The sweeping safety changes introduced to the 2022 Isle of Man TT are an attempt not only to make the event safer for riders, but to secure its long-term future.
The changes aim to disrupt a traditionally risk-averse culture that pervades road racing, according to TT boss Paul Phillips, who spearheaded the changes during the historic event’s two-year absence thanks to the COVID pandemic. .
Perhaps the change that has caught the most attention so far is a reduction in the number of grids, with the number of starters for each race reduced to 50 riders. The changes also go beyond that, with the introduction of a new GPS tracking and timing system, the introduction of warm-up laps on race days and higher safety equipment standards also coming in. in force.
However, while these may be the most visible updates to a race that is notorious for being dangerous, it’s not one specific action that will make the biggest difference, according to Phillips.
Instead, it’s the sea change in how the TT approaches risk after decades of treating serious injury and death as an almost accepted element that he believes will change the future course of racing – even if he already faces some opposition from conservative voices.
“Of course, there will always be some resistance,” the Manx native told The Race, “especially when it comes to safety and risk management. You see people saying, ‘They don’t have need to do all this because runners know the risks”.
“This culture that exists around our sport is not something I can subscribe to. There are avoidable risks and risks that can be managed, and that doesn’t change the essence of what it is. the TT and the inherent risk that is part of the attraction, however, this means that we are a sustainable and responsible organization.
“We’ve seen some backlash around some of this stuff, but it’s often without logic. But there have also been very good feedbacks on many of them. You see people asking, ‘Why hasn’t this been done before?’ and I agree with them. The biggest has been people who are unhappy with the numbers on the grid, but in reality it’s only a small reduction. It’s about 10 runners.
“The changes around safety and risk management are an attempt to not only secure the long-term future of our event, but also to disrupt the culture of motorcycle road racing a bit, which normalizes can -too often be unnecessary risks.You can keep all the traditions and values of it, but we have access to real world-class talent in some areas, and you can use that talent around medicine, mental health or of risk management and be proud of it.”

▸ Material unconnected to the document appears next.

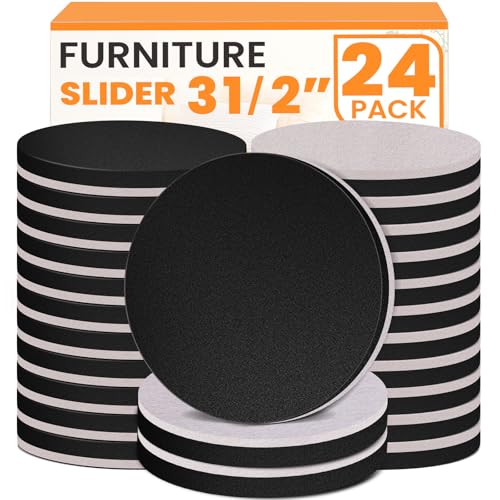 Furniture Sliders 24 PCS 3 1/2” Felt Furniture Sliders Furniture Pads for Hardwood Floors Felt Furniture Slider for Heavy-Duty Furniture Reusable Moving Pads Floor Protectors for Furniture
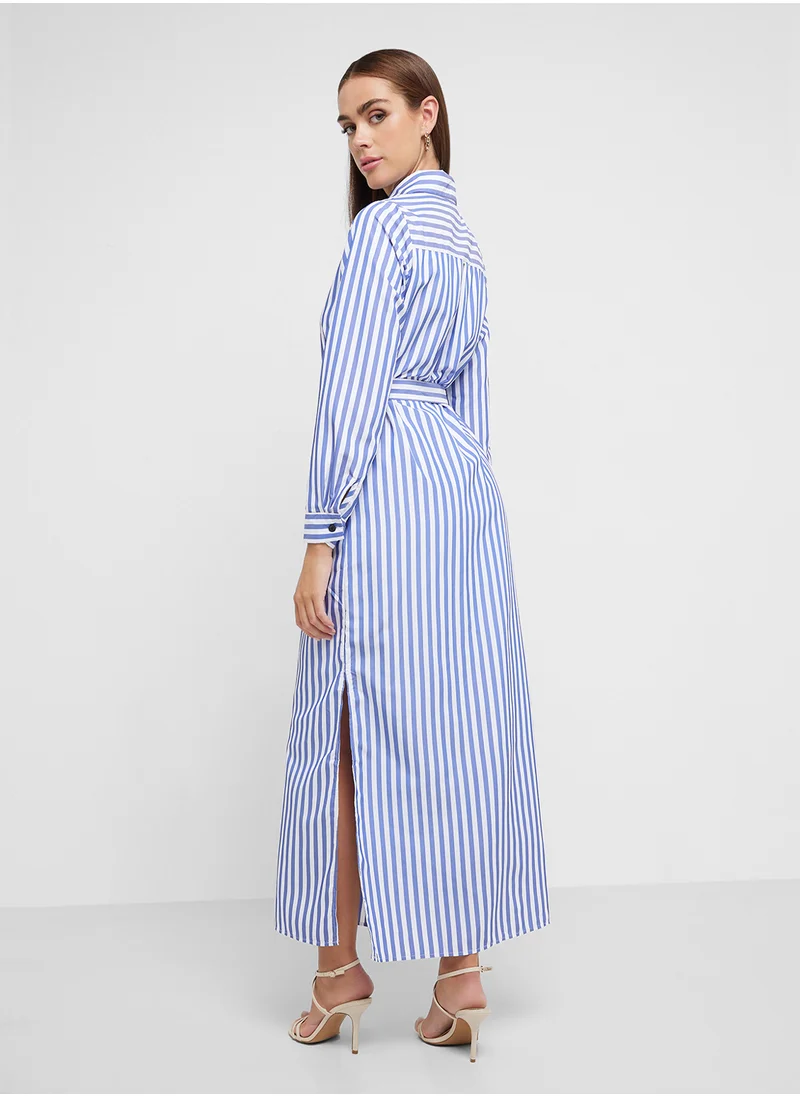 Ginger Button Down Belted Shirt Dress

And while not everyone may have bought into the plan yet, one thing is clear about his motivations for implementing it ahead of this year’s race: Phillips sees the new changes as a fundamentally necessary step to ensure that the TT remains a viable event in the longer term. term, especially as it launches a new streaming and live streaming service designed to massively increase both viewership and visibility.
“It makes it much more defensible,” he insisted. “There is something in our central government for motorsport that talks about a defensible level of safety, and I think when it was written it was talking about being defensible in court, which is true; but I think there is more to it.
“There is a nuance. If something happens while we are delivering our event and it ends up in court, it will go to its natural conclusion. But I think the defensible level of security should be in the court of public opinion.
“If public opinion turns against the TT, it could stop it, as we almost saw in 2003 or 2004. It wasn’t the courts, it was the people who were asking if it was doable. So being seen as a modern, responsible and forward-thinking organization is really important in terms of the longer-term sustainability of the event.
Yet while he and his team, a department of the Isle of Man government, might push to make the event as safe as possible, he is also under no illusions about one thing: that is road racing, and safety will never be on par with circuit-based series such as MotoGP.
“It’s always going to be super dangerous when the flag goes down,” Phillips conceded, “because we’re racing motorcycles at high speeds on a public road and nothing’s ever going to change that – but there are things we can do about it. happen. while removing some of the unnecessary risk. If we can do it, then we are bound to do it.
“Sitting around us are all these people who could either be defenders or a threat, a critic, and when they look at it in the cold light of day when they didn’t grow up with it, when they don’t know it in the same level of detail, it just might sound crazy.
“The way we want to position ourselves going forward is not just about talking, it’s about walking. We want people to be able to look at it and understand that yes, it’s very risky, but why they’re doing it, how they’re doing it, and who they are responsible for.